Like the Kelston Boys' High School premier basketball team, Linus Jakszt has come a long way in just three years.
The 17-year-old Year 13 sports prefect was a fast learner, taking up basketball in earnest in 2013 when Kelston were halfway through a five-year plan to make it back to the top flight of schools basketball.
Jakszt had height and athleticism, honed by a football background, but he lacked understanding of the nuances of the game and you couldn't ask him to lay up with his left hand.
"They were going off to a junior prems tournament in Rotorua. I jumped in and learned the rules on the way to the event," he says.
The rest is, as they say, history. Now he is the captain as Kelston makes a successful re-entry into premier league basketball. His coach Jeff Fahrensohn calls him their "franchise player".

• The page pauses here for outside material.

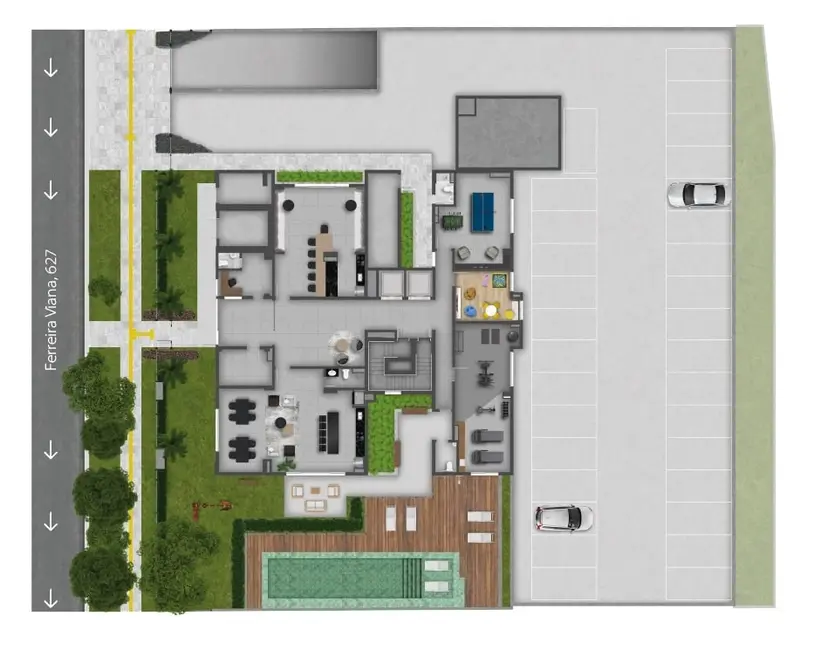 Foto 2 de Apartamento com 3 quartos à venda, 81m2 em Petrópolis, Porto Alegre - RS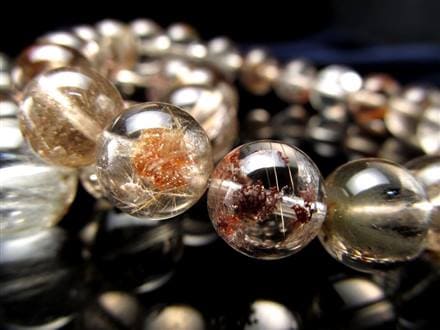 ◇透明感抜群◇色とりどり！ガーデンとルチルの共生◇健康運・金運の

Used as a power forward, small forward or centre, Jakszt is the go-to man at either end of the floor. In the April qualifying tournament he poured in 48 points against Macleans, averaging 28 ppg for the competition, and has put up consistent numbers, and three double doubles, in Kelston's four premier league games: 27 points and 12 rebounds against Westlake, 28 and 21 against Liston, 23 and eight against Onehunga and 32 and 12 just last Friday night in the narrow win over Rosmini.
"My personal goal going into each game is to average 25 points and get as many rebounds as possible," declares Jakszt.
Kelston are proving more than competitive and have their goals for this season, and the success of this team is proof that Kelston is far more than just a rugby and league school.
"Basketball is now back in prems and it's getting acknowledged by the school, which is great," Jakszt says.
The jump is a big one from where they were in 2015, playing in the Western Zone Under 19 league. The players in prems are taller, more experienced and with real basketball pedigree. At 199cm Jakszt bangs bodies with the best.
He was good enough to play for the New Zealand Under 17s last year, which saw him pulled in to train with the NBL side the Super City Rangers, for whom he appeared in the pre-season. Throw in Saturday club play for the Waitakere Under 19s and his senior studies and Jakszt has rather a full plate.
"The Under 19s is ... really competitive. Harbour is our main opponent, with the Westlake and Rangi boys, but it's real good fun."
He may be busy but he knows the sacrifices that go with wanting to go higher in his sport.
"You don't have much time to go out anyway if you want to do the thing you love."
He is knuckling down with his studies too, as that will be a factor in his quest for a US college basketball scholarship next year. That and the Junior Tall Blacks are his 2017 goals.
So is he inspired by Steven Adams and his NBA exploits with Oklahoma City Thunder?
"I love watching him. They are my favourite team. I met him at a camp at Trusts Stadium, he's a real cool dude," says Jakszt, who, like Adams, thirsts for improvement.
"I'm working on being a better shooter. I want to spread the floor too, so I'm working on [handling]."
Jakszt has the talent and the work ethic, and Kelston will benefit in the short-term.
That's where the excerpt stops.